當英國喬治‧歐威爾的政治諷喻科幻小說《1984》遇上俄國寫實主義劇作家契訶夫的《三姐妹》,會是如何的光景?

2017年底,由台灣「莎士比亞的妹妹們的劇團」(簡稱「莎妹劇團」)與日本「第七劇場」合作的劇碼《1984,三姊妹一家子的日子》在台、日上演。劇本由莎妹劇團的王嘉明改寫,第七劇場的鳴海康平導演,兩人共譜網路世代裡的現代寓言,在劇場上探索台日合作的可能性。


「將俄國劇作家契科夫的《三姊妹》加上喬治‧歐威爾的《1984》,這個念頭『真的非常可怕的難』。」這句話王嘉明重複了兩次。

《1984》+《三姊妹》

《1984》是諷刺極權主義的政治小說,多數的篇幅是主角Winston的自言自語,他意圖抵抗老大哥的監控,爭取個人的自主、自由,呈現的是「一個人」的觀點。而《三姊妹》的形式是劇本,講述家庭中三姐妹的際遇,是「群體」的故事。契科夫利用對白描述人際關係的細節,寫實地呈現現實生活的樣態,許多台詞就像日常不時出現的無意義對話,表現生活的空洞和無力感,兩者的主題和語言風格是截然不同的,王嘉明解釋。

設想了多種組合可能性後,王嘉明最終決定保留《三姊妹》的架構,將《1984》的「監控」融入三姐妹的生活中,讓群體成為監控的來源,完成了《1984,三姊妹一家子的日子》。王嘉明提問:「當監視來自於最親密的彼此時,這個家庭會走到怎麼樣的地步?」。

以道德和親密關係為牽制,不管是家庭成員言談間無意的勸阻,或是有意的關心,都成為無所不在的監視。三姊妹的大哥Winston,他始終質疑大企業無所不在地監視和操控,親友反勸他別想太多,要他試著融入社會,好好過日子。最終他被送進101室(《1984》書中進行思想改造的房間),臣服於老大哥的洗腦。小妹Irena則從一開場是個天真浪漫的少女,變成看不慣異己的存在、舉槍執行自身正義的行刑者(槍殺了所有家庭成員)。

寓言故事的背後

這樣一部講述網路世代監控無所不在的寓言裡,在故事主線之外,兩位導演埋入更多與當代社會互文的隱喻。

王嘉明把故事背景設定在世界剛經歷一場核戰後的無政府狀態,各項資源重新分配,由三大企業:美洲的Apple Shell 會社、亞洲的GooBrother會社、非洲的Deep Monsando會社(暗指蘋果公司、Google、基因改造公司孟山都)所壟斷,一切的資訊與知識來自網路共享,娛樂和休閒也由這些大企業提供,世界「看似」便利且自由。

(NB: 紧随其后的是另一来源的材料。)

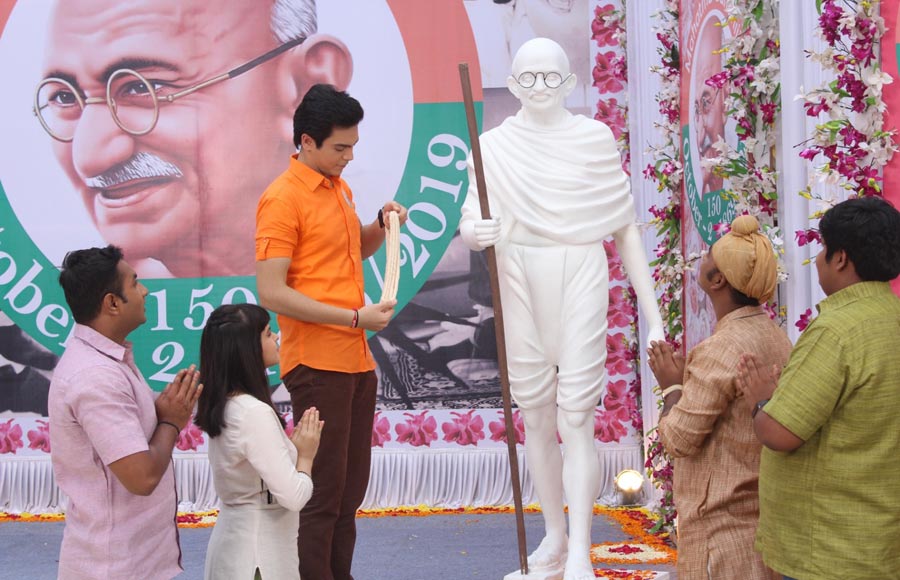 In pics: Taarak Mehta Ka Ooltah Chashmah dedicates episode on Gandhi Jayanti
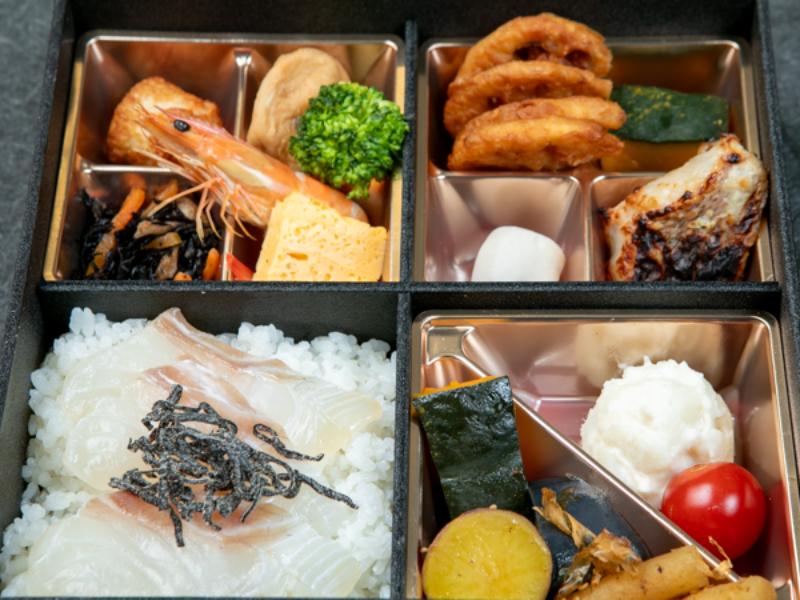 【一段重】鯛の昆布〆弁当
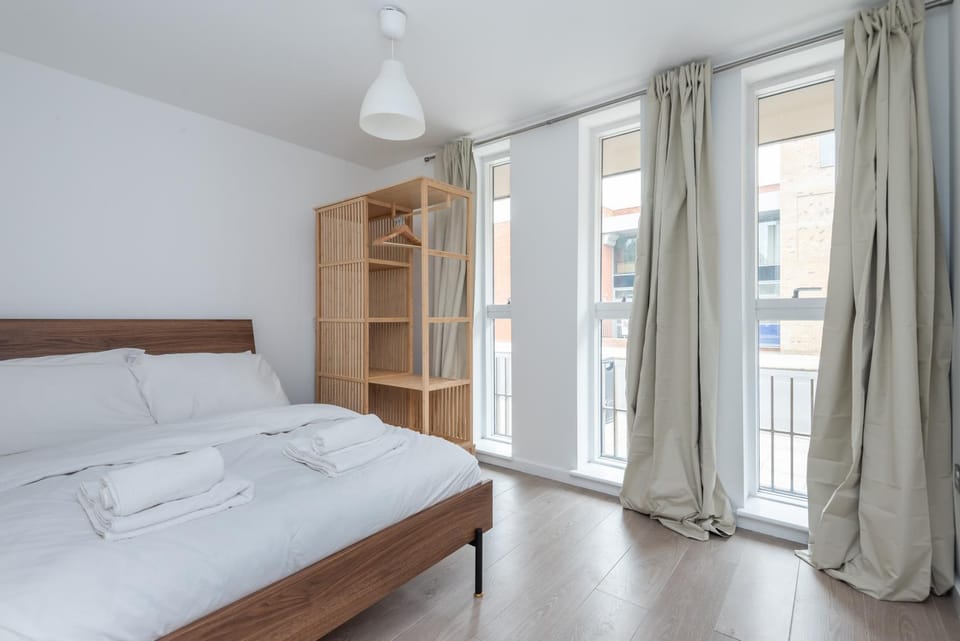Bright Modern 3BDR Family Home with Private Patio Apartment in London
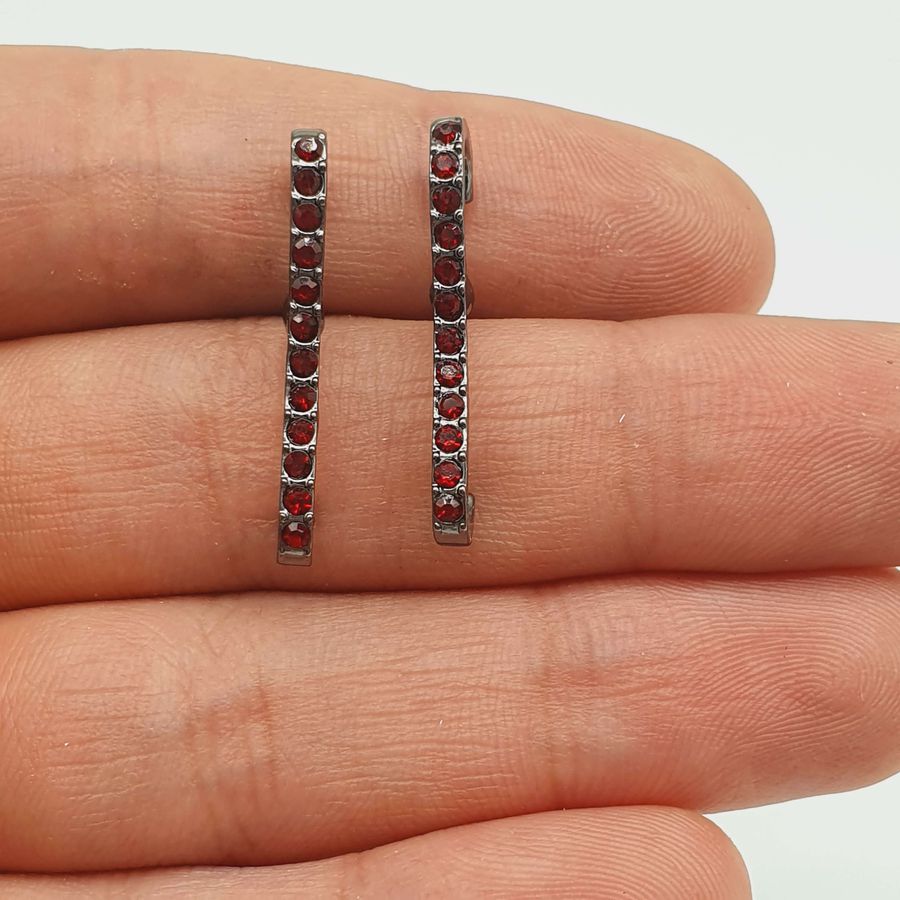 Brinco Ear Hook Grafite Vermelho 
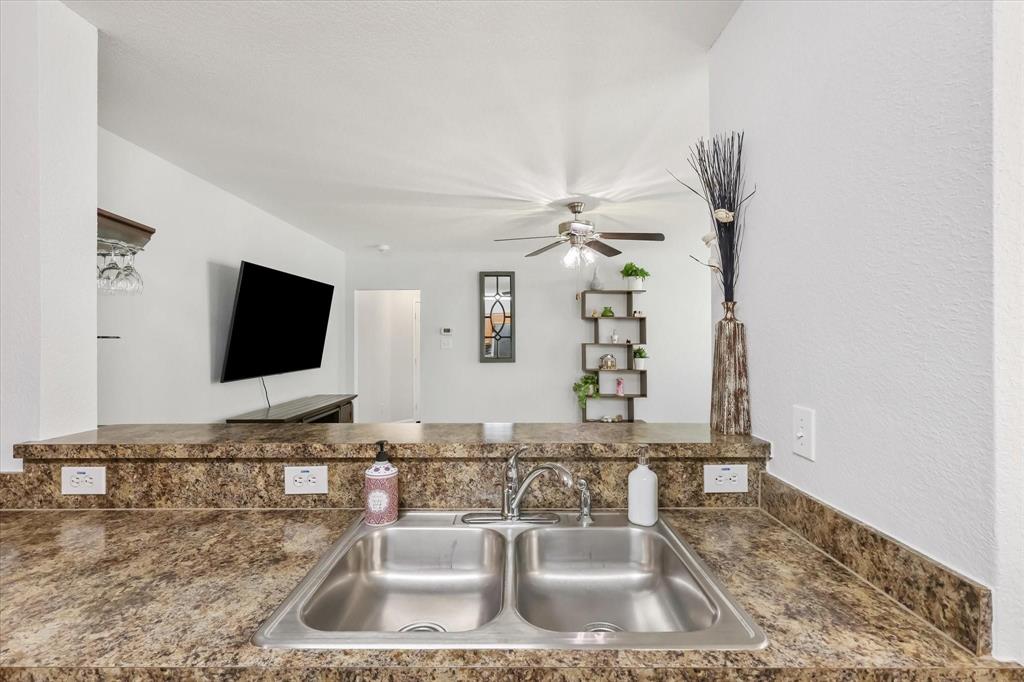 Fort Worth Condo: 10718 Edgewest Terrace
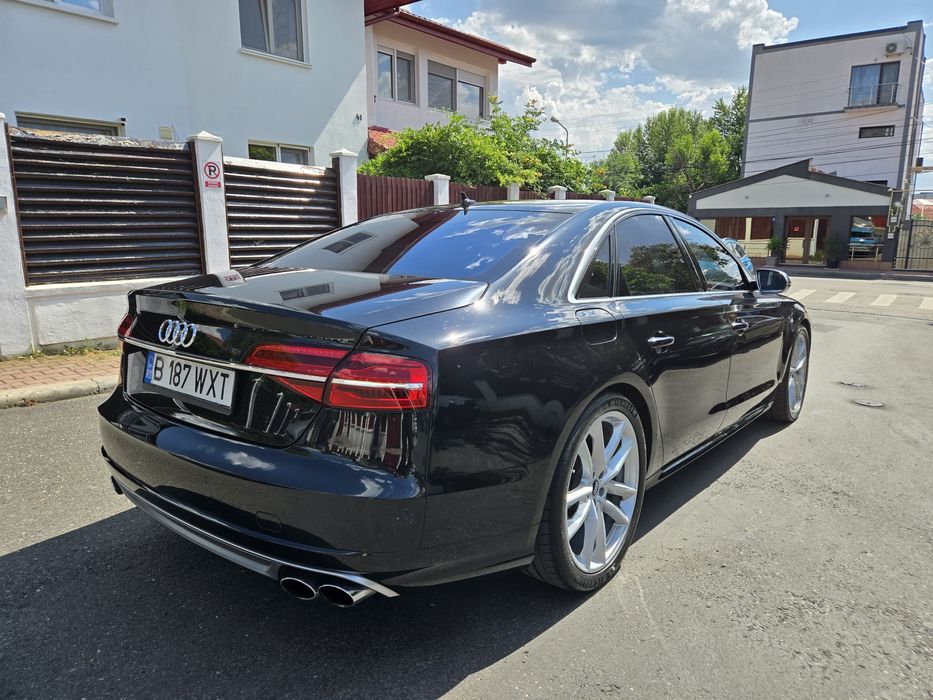AUDI S8 2015 — imagine 2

鳴海康平則從王嘉明的劇本中讀到:文化多元日漸消失、趨向單一的警訊。當大家只追求更便利的生活、更重視虛擬的人際關係和娛樂時,每個個體就形同被GooBrother綁架一般,浸溺在虛擬的世界,而當一個社會日漸趨同而容不下異己時,崩壞的結果必然指日可見。

於是,鳴海康平設計圓形的舞台空間,突顯人與人之間無止盡的窺伺與監控。每位演員都穿著樣式類似的黑色外套,象徵在大企業的控制下,每個個體都像人偶般趨向一致,沒有自己的風格。

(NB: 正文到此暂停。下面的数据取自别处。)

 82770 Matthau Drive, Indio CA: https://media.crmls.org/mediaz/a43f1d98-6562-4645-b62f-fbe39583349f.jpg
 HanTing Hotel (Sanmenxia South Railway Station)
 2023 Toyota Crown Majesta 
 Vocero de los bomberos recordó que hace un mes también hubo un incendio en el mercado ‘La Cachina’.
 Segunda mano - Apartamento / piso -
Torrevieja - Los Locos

而劇中設定的未來,科技已進步到能跨越不同語言的障礙。舞台上,台日演員靠著衣領間提供即時翻譯的LED發報器,就能直接對話溝通(台下觀眾靠著投影在布幕上的翻譯文字);但劇中發報器曾一度失靈,我們卻發現大家在聽不懂各自話語的同時,世界依然運轉;才讓人領悟,導演反諷著「說者無心,聽者未聞」的事實,而這也寫實地反映了我們日常生活的樣態。

而舞台上大量堆疊、不全然存有意義或目的的對話,有時是角色的自言自語,有時說者無心,聽者也不在意,這讓人熟悉的似曾相似,也讓觀者驚覺,導演在叨叨絮絮中把生活的細瑣搬上舞台,搬演人際關係中無所不在的監控。

導演的交換手札

這部《1984,三姊妹一家子的日子》是台灣「莎妹劇團」、日本「第七劇場」發起的「交換手札計畫」第二年的作品。

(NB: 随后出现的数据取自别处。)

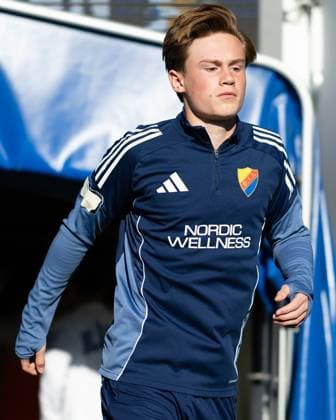 250512 Djurgardens Alexander Andersson inför fotbollsmatchen i Allsvenskan mellan IFK Göteborg och Djurgarden den 12 maj 2025 i Göteborg. Copyright: MICHAELxERICHSEN BB250512MI005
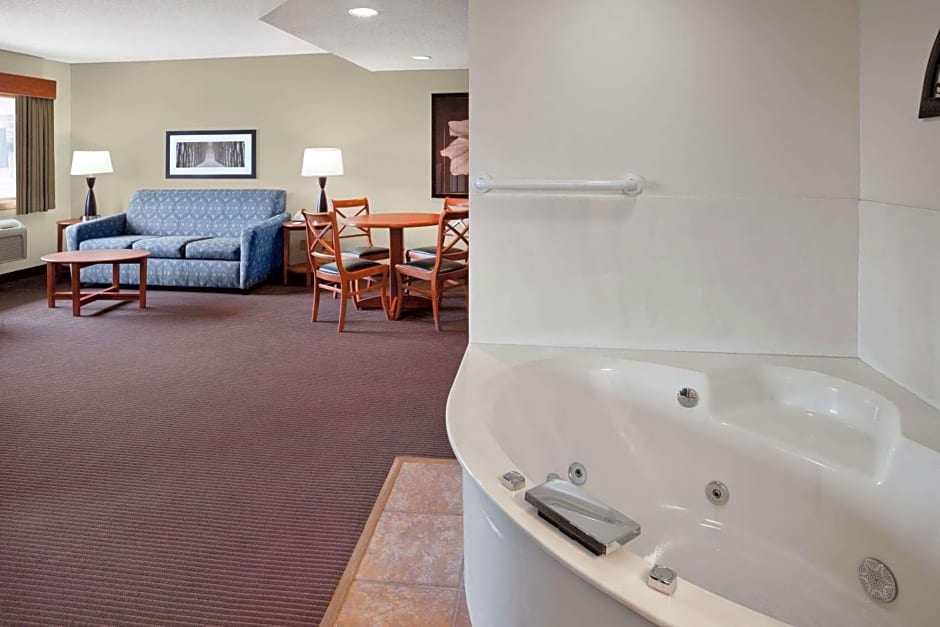 AmericInn by Wyndham Chanhassen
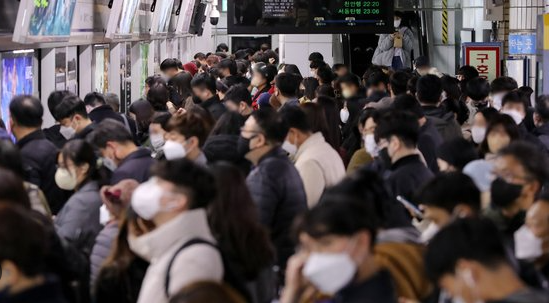 서울시민들 지하철 출근장면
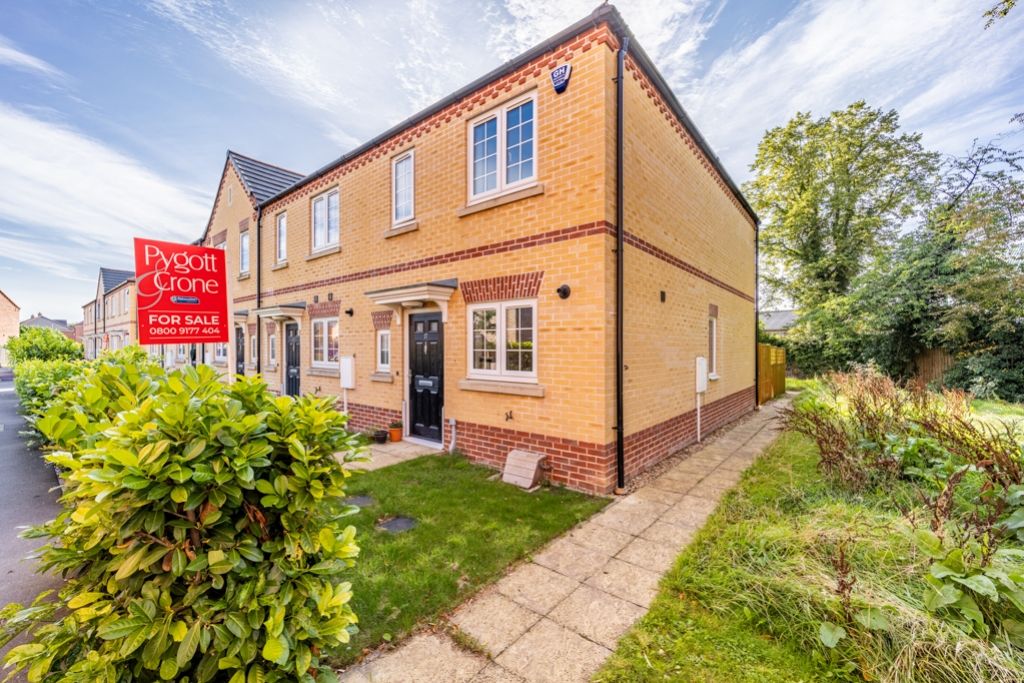 3 bed terraced house for sale in Alderfield Close, Boston, Lincolnshire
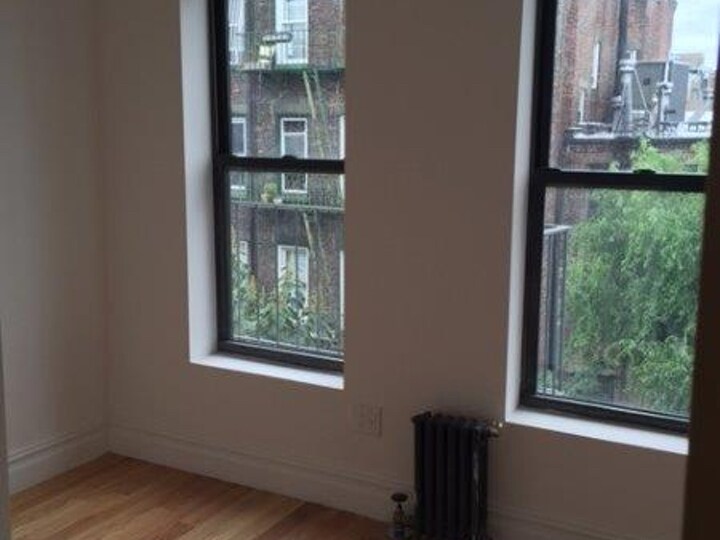 Primary Photo - 323 E 9th St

成立於1995年的「莎妹劇團」,是台灣元老級的劇團,劇團以原創劇本及前衛劇場美學為發展目標,王嘉明在台灣劇場界則有「劇場頑童」之稱。鳴海康平看過王嘉明執導的《理查三世》、《Zodiac》,他說:「從王嘉明的戲中,可以看出這個導演有很多瘋狂的想法,而且有很強的實現力,可以藉由整個團隊的力量把想法完美的演繹出來。」

「第七劇場」則是鳴海康平1999年成立的劇團,以日本三重縣為據點,其結合能劇及歌舞伎身體訓練,走出當代日本劇場新方向,劇作在海內外均獲得高度評價,多次與韓國、德國、法國進行跨國合作計畫。「他的作品在視覺上有一種有趣的文學或哲學的底子,讓人一直想看下去。」王嘉明表示。

製作人陳汗青則覺得「他們兩個人的作品裡都有一種偏執的成分存在,兩位導演有相似又有不同的部分,合作起來應該會蠻奇怪的,所以就會想把他們湊在一起。」由陳汗青的引薦,台日雙方就此展開為期3年的合作計畫。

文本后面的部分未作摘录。